Page:Dorgelès - Les Croix de bois.djvu/72

Cette page a été validée par deux contributeurs.

Sulphart est resté impassible. Il n’a pas sourcillé, pas frémi. Ah ! ces vainqueurs de la Marne…

On croyait la revue terminée et des impatiences nous fourmillaient dans les genoux, quand le capitaine a commandé :

— Sac à terre !

J’en étais sûr ! C’est la revue des vivres de réserve, à présent. À genoux devant le barda débouclé, il faut tout démonter, tout défaire, tout sortir, pour retrouver la tablette de potage salé écrasée sous les chemises, ou le cube de café qui s’émiette dans les chaussettes, et salit le linge.
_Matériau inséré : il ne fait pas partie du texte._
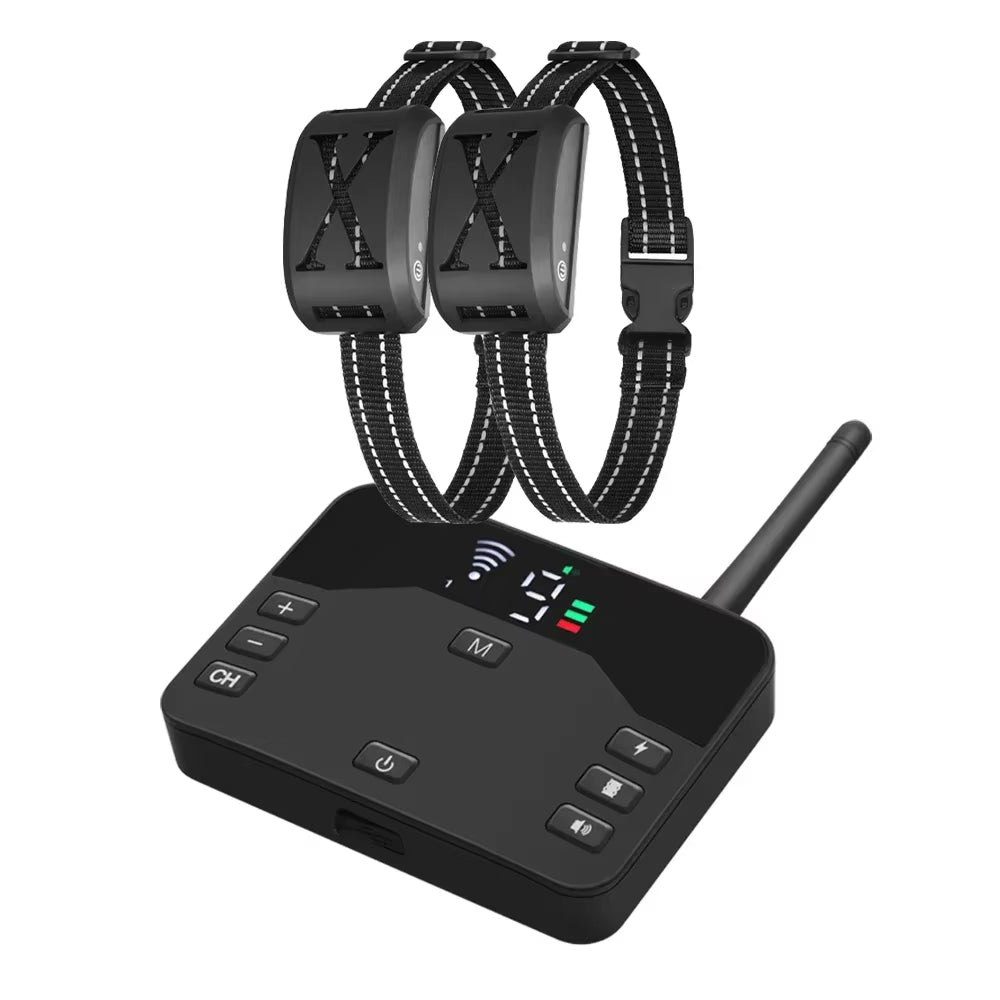 Pet Dog Shocks Training anti Bark Collar, Wireless Electric Fence Remote Pet Containment System with Adjustable Vibration Shock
À genoux on vide son armoire en rageant.

— Y croit qu’on va les bouffer ses biscuits, grogne Vairon.

On étale tout son bien : les cartouches, le sachet de sucre, la boîte de singe. Le sac qu’on avait eu tant de mal à monter doit être vidé jusqu’au fond. Des camarades à quatre pattes comptent et recomptent leurs cartouches d’un air inquiet.

— Bon Dieu, il m’en manque un paquet… T’en as pas un en rab ?

Tout notre bien tient dans ce petit tas de hardes et de conserves, que le capitaine dérange du bout de sa canne, pour compter les trousses de cartouches. Il fait rapidement le tour, puis, se plaçant face à notre section, il demande :

— Quelqu’un veut-il être cuisinier ? Celui de la cinquième escouade est relevé. Qui veut le remplacer ?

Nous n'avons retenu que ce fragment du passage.